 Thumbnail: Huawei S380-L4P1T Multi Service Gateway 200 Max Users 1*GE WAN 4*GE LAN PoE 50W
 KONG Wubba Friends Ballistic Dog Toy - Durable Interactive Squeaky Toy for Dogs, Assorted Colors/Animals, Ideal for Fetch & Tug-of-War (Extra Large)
* * *
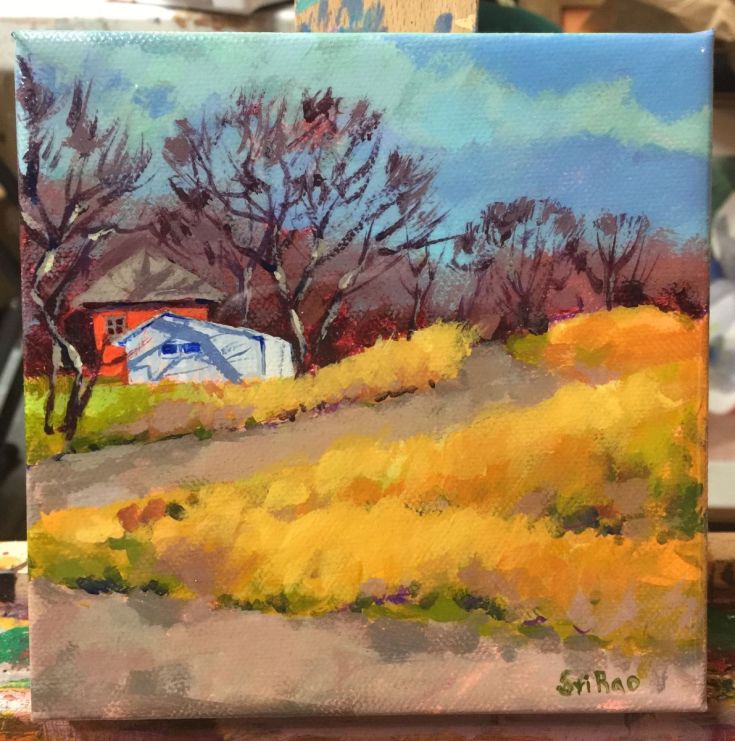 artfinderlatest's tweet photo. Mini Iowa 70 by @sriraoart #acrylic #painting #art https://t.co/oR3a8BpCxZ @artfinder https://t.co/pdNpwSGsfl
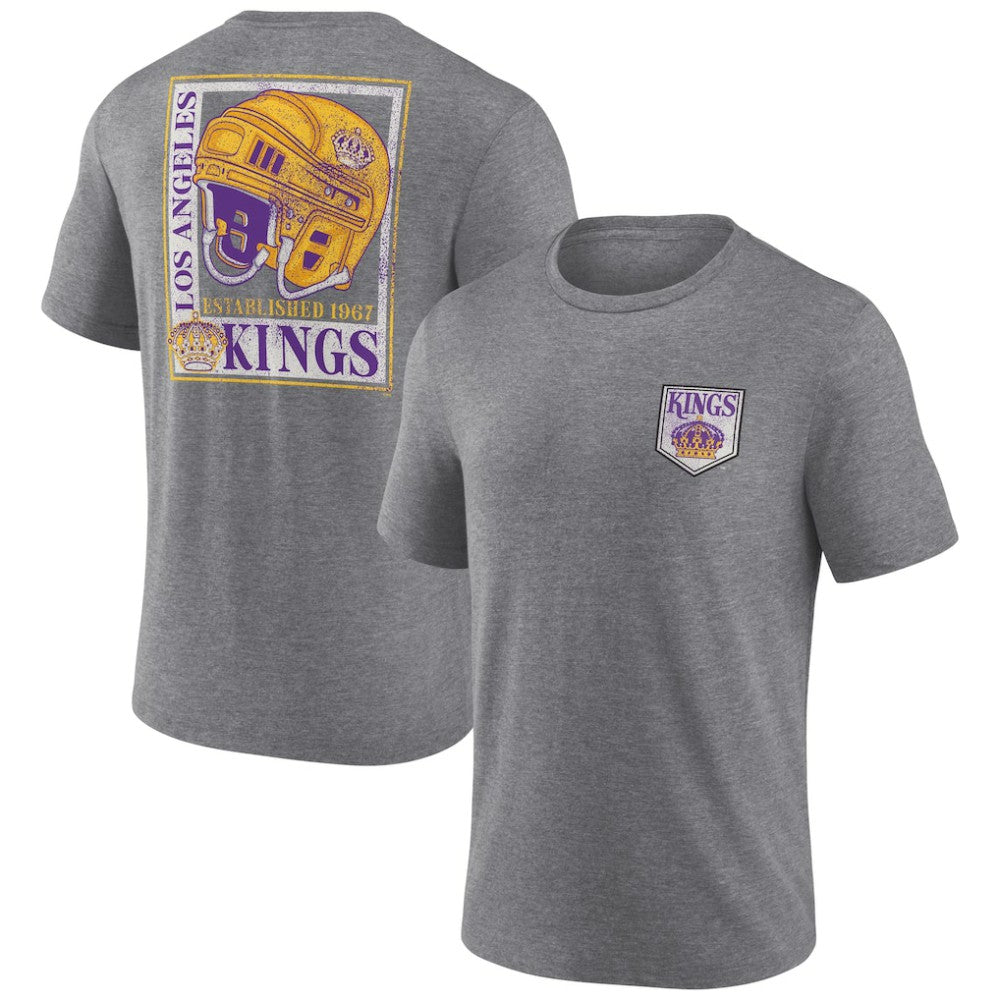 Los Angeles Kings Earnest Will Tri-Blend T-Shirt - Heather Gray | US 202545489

PROBLEM DETAILS. Repeat, exactly as they stand above, the lines from the line with "Thumbnail: Huawei S380-L4P1T" to the line with "KONG Wubba Friends", both lines included.

EXERCISE SOLUTION.
 Thumbnail: Huawei S380-L4P1T Multi Service Gateway 200 Max Users 1*GE WAN 4*GE LAN PoE 50W
 KONG Wubba Friends Ballistic Dog Toy - Durable Interactive Squeaky Toy for Dogs, Assorted Colors/Animals, Ideal for Fetch & Tug-of-War (Extra Large)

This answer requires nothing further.